▸ **Activity**
Give back only the lines in the records below from the one with "WordPress Themes" to the one with "индика Можга", both inclusive, word for word.

(Provided data begins)

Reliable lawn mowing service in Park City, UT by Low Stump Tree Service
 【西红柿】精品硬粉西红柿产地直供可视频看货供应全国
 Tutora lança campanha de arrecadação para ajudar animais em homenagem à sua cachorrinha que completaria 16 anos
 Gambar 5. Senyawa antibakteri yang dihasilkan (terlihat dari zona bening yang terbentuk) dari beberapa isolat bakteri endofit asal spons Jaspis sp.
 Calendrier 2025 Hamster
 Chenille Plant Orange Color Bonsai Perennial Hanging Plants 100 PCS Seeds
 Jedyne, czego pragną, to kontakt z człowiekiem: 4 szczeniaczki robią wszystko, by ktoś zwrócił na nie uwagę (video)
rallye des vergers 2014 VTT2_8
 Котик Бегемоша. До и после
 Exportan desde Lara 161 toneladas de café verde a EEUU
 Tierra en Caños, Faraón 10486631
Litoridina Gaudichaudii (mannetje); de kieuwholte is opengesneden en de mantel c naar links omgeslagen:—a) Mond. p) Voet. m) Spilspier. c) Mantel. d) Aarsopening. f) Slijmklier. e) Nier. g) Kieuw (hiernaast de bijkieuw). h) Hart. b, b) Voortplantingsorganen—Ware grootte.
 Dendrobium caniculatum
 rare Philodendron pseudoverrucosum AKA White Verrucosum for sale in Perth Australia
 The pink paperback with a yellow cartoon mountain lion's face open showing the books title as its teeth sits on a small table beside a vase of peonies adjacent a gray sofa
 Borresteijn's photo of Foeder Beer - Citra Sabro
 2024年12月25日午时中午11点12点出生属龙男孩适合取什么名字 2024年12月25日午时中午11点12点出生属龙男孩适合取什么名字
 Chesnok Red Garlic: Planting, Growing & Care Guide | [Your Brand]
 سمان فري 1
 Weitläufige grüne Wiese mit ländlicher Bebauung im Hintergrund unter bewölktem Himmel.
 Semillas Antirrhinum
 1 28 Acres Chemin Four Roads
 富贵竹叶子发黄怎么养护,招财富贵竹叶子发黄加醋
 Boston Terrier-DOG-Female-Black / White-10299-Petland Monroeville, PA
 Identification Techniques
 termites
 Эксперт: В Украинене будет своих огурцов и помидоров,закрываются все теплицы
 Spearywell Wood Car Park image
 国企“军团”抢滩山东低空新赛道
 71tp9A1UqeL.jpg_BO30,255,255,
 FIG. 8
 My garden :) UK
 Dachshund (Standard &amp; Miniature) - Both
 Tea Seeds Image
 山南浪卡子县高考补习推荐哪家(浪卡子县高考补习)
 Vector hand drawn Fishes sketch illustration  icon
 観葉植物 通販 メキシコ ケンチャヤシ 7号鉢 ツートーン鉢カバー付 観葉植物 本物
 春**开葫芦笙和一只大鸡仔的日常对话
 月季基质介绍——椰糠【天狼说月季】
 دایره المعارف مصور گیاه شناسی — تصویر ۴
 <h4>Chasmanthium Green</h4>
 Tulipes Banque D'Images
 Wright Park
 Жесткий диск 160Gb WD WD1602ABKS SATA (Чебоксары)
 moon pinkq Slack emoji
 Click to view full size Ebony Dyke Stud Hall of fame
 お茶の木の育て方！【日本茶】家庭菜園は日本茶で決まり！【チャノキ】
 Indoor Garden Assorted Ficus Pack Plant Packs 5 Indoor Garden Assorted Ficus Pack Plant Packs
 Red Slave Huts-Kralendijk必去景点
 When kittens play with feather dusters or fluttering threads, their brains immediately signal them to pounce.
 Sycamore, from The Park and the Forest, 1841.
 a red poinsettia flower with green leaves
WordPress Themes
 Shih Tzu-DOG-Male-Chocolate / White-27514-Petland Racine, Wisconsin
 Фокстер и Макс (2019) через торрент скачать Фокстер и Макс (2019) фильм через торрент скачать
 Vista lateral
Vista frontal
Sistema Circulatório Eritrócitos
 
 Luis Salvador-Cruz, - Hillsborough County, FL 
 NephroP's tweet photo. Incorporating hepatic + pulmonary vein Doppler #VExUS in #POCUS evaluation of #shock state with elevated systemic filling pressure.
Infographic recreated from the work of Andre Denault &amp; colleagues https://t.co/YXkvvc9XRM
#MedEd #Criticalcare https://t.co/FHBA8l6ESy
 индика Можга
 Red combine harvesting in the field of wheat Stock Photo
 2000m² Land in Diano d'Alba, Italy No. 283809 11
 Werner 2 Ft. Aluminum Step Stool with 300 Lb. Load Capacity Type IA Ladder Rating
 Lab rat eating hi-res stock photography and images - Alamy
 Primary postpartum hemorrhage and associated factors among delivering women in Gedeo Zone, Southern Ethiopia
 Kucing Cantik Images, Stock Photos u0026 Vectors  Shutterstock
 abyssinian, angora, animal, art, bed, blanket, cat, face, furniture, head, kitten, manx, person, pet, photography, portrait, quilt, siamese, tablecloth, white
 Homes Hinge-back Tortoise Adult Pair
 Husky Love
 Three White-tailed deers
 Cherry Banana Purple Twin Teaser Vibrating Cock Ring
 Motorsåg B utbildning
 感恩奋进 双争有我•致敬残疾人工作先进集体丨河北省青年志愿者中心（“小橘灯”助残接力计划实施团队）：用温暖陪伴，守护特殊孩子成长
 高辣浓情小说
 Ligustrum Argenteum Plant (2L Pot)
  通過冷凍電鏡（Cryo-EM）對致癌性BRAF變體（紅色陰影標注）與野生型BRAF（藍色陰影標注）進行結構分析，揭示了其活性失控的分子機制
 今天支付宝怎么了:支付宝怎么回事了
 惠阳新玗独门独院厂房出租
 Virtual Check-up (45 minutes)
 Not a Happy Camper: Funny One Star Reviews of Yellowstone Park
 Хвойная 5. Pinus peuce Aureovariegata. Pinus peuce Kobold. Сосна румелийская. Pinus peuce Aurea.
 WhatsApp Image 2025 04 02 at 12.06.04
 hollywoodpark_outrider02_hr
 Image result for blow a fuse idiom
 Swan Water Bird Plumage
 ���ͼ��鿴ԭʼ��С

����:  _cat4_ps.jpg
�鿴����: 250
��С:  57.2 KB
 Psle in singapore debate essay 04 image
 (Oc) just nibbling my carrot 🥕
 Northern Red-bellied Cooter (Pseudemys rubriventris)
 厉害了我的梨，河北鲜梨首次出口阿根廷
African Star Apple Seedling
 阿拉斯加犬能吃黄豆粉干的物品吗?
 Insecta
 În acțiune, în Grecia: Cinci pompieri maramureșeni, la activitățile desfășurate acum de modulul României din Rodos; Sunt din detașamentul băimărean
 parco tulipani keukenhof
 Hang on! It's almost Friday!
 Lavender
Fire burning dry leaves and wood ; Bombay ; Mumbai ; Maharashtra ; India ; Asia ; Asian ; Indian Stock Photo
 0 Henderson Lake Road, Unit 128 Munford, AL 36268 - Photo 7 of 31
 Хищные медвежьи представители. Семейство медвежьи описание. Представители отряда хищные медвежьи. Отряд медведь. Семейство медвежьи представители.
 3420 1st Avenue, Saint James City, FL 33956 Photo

(Provided data ends)

▸ **Task output**
WordPress Themes
 Shih Tzu-DOG-Male-Chocolate / White-27514-Petland Racine, Wisconsin
 Фокстер и Макс (2019) через торрент скачать Фокстер и Макс (2019) фильм через торрент скачать
 Vista lateral
Vista frontal
Sistema Circulatório Eritrócitos
 
 Luis Salvador-Cruz, - Hillsborough County, FL 
 NephroP's tweet photo. Incorporating hepatic + pulmonary vein Doppler #VExUS in #POCUS evaluation of #shock state with elevated systemic filling pressure.
Infographic recreated from the work of Andre Denault &amp; colleagues https://t.co/YXkvvc9XRM
#MedEd #Criticalcare https://t.co/FHBA8l6ESy
 индика Можга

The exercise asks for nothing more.